The biggest millstones around this album’s neck are a pair of songs that just don’t really fit. One is a woman’s increasingly distorted voice talking over a violin, and the other is a murky, distant rock melody that never really becomes easy to hear.

Fine Lines doesn’t have the kind of music you can easily listen to in one sitting. It’s so dense and overwhelming that sometimes it seems to blur together, especially since most of the songs are similar in tone — dark, tangling prog-rock that blows you away like a thunderstorm. If you listen to too many of the songs, they bleed into each other.

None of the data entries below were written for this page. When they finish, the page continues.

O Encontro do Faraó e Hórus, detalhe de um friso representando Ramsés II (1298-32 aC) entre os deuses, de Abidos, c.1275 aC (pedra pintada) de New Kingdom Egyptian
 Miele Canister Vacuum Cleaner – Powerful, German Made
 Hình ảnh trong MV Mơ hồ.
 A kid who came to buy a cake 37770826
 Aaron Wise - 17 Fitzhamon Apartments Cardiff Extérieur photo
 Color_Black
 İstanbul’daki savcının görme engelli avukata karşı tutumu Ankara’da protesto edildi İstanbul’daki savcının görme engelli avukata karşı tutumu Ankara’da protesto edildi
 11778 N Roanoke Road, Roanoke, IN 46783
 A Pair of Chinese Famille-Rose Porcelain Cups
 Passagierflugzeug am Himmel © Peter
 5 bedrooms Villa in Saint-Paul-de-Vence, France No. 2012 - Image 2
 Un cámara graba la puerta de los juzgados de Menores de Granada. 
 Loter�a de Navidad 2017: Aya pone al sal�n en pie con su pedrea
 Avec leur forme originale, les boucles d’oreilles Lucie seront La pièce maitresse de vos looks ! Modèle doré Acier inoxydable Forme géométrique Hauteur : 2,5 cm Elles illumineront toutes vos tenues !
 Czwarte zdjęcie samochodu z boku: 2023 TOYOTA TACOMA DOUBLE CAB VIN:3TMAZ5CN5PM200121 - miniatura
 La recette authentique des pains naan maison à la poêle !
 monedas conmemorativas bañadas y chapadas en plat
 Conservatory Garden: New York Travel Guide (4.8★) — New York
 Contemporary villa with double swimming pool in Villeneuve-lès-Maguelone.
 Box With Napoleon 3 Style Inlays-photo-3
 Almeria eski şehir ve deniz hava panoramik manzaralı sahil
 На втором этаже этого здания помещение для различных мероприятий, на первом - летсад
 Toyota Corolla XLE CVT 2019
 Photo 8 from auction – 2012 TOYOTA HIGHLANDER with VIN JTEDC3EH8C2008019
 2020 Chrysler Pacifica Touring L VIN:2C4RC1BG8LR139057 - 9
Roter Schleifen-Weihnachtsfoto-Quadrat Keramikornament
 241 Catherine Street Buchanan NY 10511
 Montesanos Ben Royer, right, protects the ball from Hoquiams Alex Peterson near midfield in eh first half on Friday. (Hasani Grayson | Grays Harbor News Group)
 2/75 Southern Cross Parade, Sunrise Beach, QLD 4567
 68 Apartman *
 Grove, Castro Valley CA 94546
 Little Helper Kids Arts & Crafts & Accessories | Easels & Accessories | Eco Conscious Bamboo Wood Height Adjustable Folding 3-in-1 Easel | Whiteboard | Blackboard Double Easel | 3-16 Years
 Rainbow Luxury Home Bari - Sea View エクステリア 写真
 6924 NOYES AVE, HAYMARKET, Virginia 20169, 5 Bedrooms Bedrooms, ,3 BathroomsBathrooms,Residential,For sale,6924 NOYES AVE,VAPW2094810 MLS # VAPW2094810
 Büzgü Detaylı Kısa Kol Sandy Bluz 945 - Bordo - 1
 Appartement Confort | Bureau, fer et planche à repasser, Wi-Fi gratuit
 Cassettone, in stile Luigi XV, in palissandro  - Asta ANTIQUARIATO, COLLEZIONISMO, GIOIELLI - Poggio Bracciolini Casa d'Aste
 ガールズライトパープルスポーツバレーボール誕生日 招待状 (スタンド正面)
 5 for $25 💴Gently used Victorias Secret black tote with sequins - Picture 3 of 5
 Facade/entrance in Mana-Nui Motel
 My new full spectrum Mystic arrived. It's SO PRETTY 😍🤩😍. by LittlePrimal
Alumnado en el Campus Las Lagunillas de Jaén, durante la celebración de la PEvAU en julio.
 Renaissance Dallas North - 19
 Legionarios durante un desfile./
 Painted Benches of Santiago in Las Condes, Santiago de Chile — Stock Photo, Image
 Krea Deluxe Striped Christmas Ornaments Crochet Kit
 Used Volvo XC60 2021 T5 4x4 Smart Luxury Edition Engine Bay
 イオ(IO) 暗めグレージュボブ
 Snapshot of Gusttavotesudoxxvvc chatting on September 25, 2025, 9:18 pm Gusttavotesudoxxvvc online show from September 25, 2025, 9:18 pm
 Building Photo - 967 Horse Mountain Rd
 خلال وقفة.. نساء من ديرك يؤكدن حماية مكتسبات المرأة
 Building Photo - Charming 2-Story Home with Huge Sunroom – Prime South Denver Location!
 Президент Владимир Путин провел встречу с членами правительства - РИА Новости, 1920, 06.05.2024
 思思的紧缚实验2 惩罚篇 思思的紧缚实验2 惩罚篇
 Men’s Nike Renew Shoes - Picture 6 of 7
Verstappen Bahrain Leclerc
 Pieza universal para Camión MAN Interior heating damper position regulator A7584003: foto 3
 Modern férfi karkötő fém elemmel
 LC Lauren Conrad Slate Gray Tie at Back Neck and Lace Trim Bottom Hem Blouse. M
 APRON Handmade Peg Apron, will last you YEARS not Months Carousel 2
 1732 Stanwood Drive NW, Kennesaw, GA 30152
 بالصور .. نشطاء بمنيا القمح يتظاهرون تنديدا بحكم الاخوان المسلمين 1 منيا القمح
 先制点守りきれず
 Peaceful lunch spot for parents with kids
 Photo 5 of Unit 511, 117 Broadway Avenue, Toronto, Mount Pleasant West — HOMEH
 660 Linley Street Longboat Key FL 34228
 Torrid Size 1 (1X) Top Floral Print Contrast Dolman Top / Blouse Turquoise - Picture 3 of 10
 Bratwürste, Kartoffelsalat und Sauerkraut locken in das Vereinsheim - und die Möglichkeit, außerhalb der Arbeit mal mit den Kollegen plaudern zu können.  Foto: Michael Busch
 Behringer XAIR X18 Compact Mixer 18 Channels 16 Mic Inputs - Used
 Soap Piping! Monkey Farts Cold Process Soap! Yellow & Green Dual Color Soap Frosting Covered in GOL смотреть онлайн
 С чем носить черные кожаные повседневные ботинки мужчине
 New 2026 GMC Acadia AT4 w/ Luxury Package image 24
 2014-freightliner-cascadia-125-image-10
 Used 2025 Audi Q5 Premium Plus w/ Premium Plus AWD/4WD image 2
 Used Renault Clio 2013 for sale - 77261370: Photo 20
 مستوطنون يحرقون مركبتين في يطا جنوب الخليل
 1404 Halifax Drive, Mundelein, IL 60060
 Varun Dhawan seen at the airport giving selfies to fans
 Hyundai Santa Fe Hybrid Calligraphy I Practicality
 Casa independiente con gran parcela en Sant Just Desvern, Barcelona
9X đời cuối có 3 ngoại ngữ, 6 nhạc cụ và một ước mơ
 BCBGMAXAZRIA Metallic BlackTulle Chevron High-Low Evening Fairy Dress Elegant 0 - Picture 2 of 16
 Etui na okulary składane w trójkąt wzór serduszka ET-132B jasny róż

There aren’t a lot of vocals except for the Robo-Vocals and the woman talking in ‘Happy With What You’re Given,’ and some of the songs might have benefited from some Matt Bellamy style wails. But the songs are still pretty good — if rather intense — even without that.

That said, they’re pretty good musically — the fiery bass and guitar fill every song to overflowing, but they also weave in some muscular violin melodies and a dash of electronica (both some dark keyboard and some blippy-bloopy stuff). It all gets mushed together into the strong melodies, with one instrument or another surfacing briefly only to be swept back in.

Rock of Travolta’s Fine Lines would be more aptly called ‘Thick’n’Heavy Lines,’ with its tidal waves of proggy rock. Warning: only safe in small doses.